# Bayesian Neural Networks to Predict Hard Landing with DASHlink Data
Authors: Dr. Yingxiao Kong, Vanderbilt University

Email: yingxiao.kong@vanderbit.edu

## Overview of Research
In this work, we use an open-source dataset - [NASA's DASHlink data](https://c3.ndc.nasa.gov/dashlink/) - to isolate data for landing aircraft that both have hard landing and normal landing occurrences. The objective is to use [this sample data](https://c3.ndc.nasa.gov/dashlink/projects/85/resources/?type=ds) to train a Bayesian Neural Network model to predict touchdown vertical speed for a landing aircraft with the intent to use as a screening for identifying hard landing events before they occur.

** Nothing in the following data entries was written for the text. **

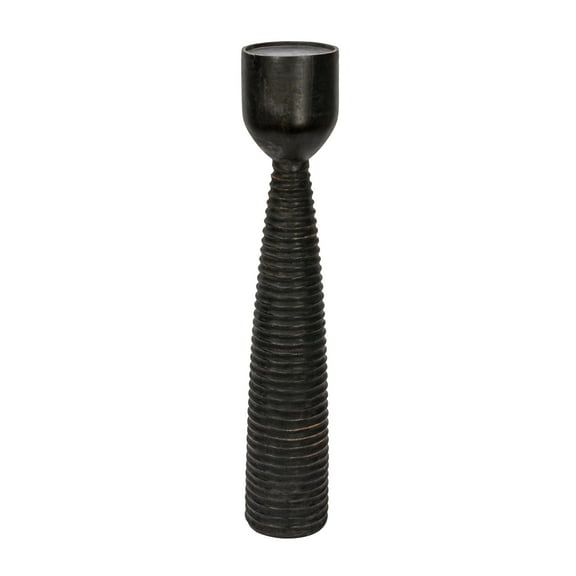 Bloomingville Round Hand-Carved Mango Wood Ribbed Candle Holder, Black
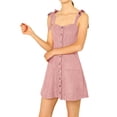 thumbnail image 6 of MODA NOVA Junior's Strap Button Down Faux Suede a-Line Mini Overall Dress, 6 of 6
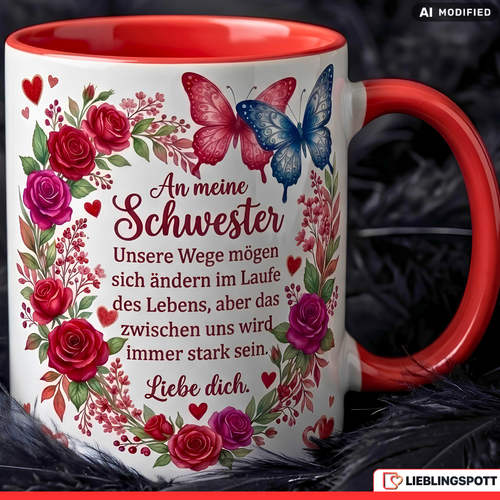 Schwester Tasse Spruch Wege Geschenk Danke Geburtstag Rot Kaffeetasse 330ml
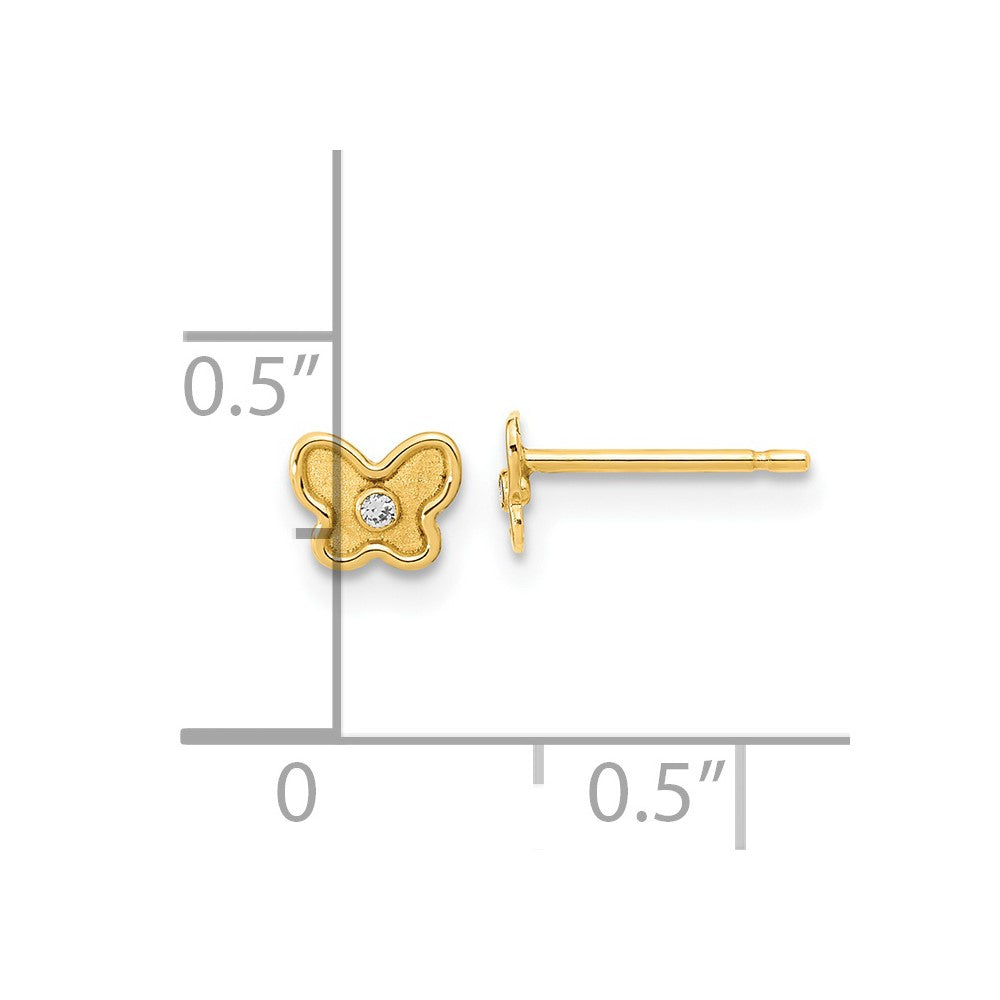 14K Madi K Polished and Satin CZ Butterfly Post Earrings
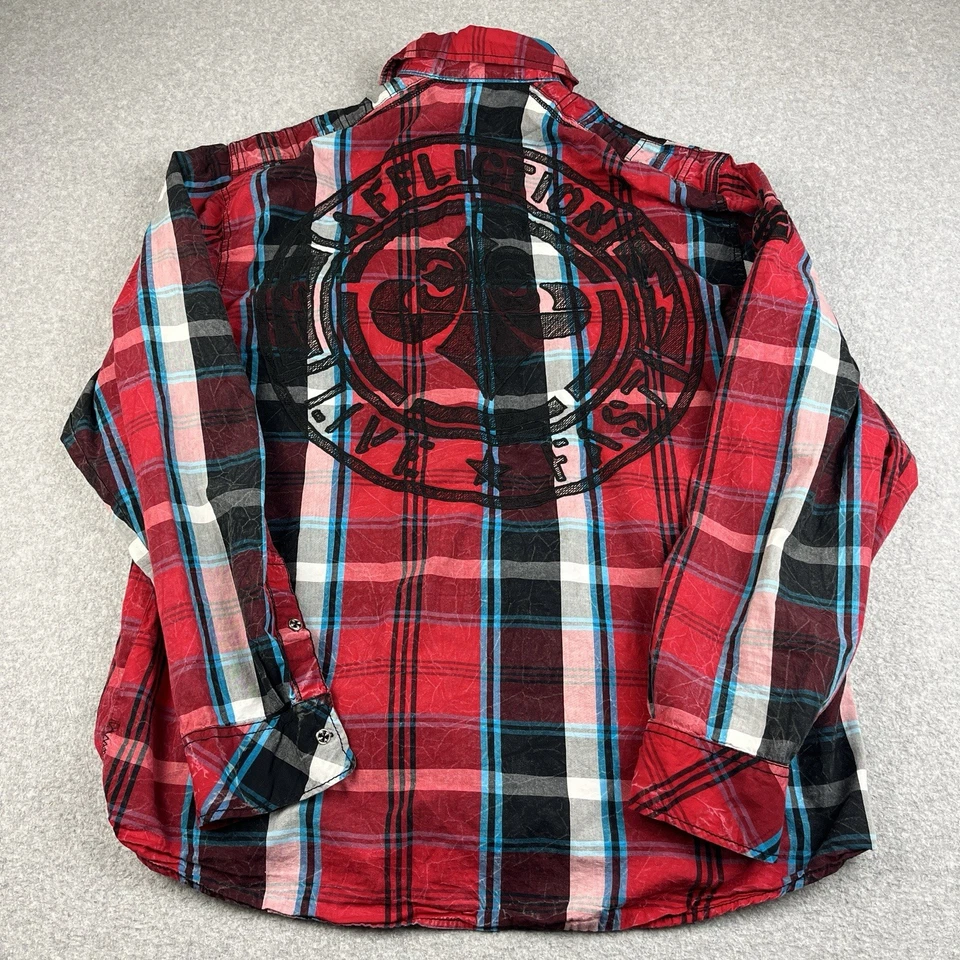 Camisa de franela Affliction para hombre grande premium negra roja azul a cuadros hebilla occidental Foto 2 de 4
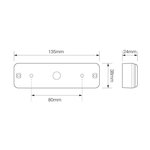 Achterlicht 12/24V 3 functies 135x38mm LED met houder zwart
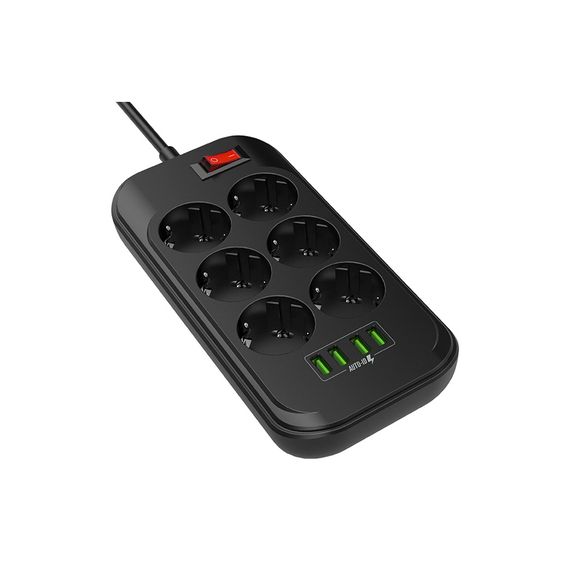 Мережевий фільтр живлення ColorWay CW-CHE64B, 6 розеток/4USB Black (CW-CHE64B) | Зображення 2
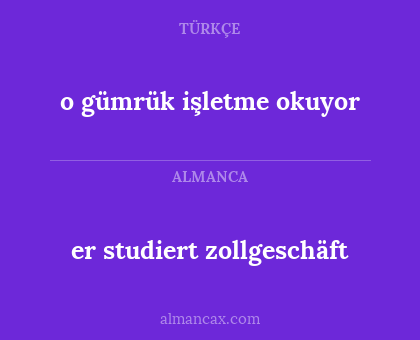 er studiert zollgeschäft - o gümrük işletme okuyor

This series of Jupyter notebook demonstrations into 3 modules. The presented module is in **bold**:
- Module 1 - Download DASHlink Data
- **Module 2 - DASHlink Data Pre-Processing and Feature Selection with Maximum Relevance and Minimum Reduandancy (mRMR)**
- Module 3 - Bayesian Neural Network Model Training

## Module 2: DASHlink Data Pre-Processing and Parameter Selection
This is a demonstration of how to filter, standardize, and clean the DASHlink data downloaded and viewed in Module 1. In addition, we select the features most relevant to hard landing event.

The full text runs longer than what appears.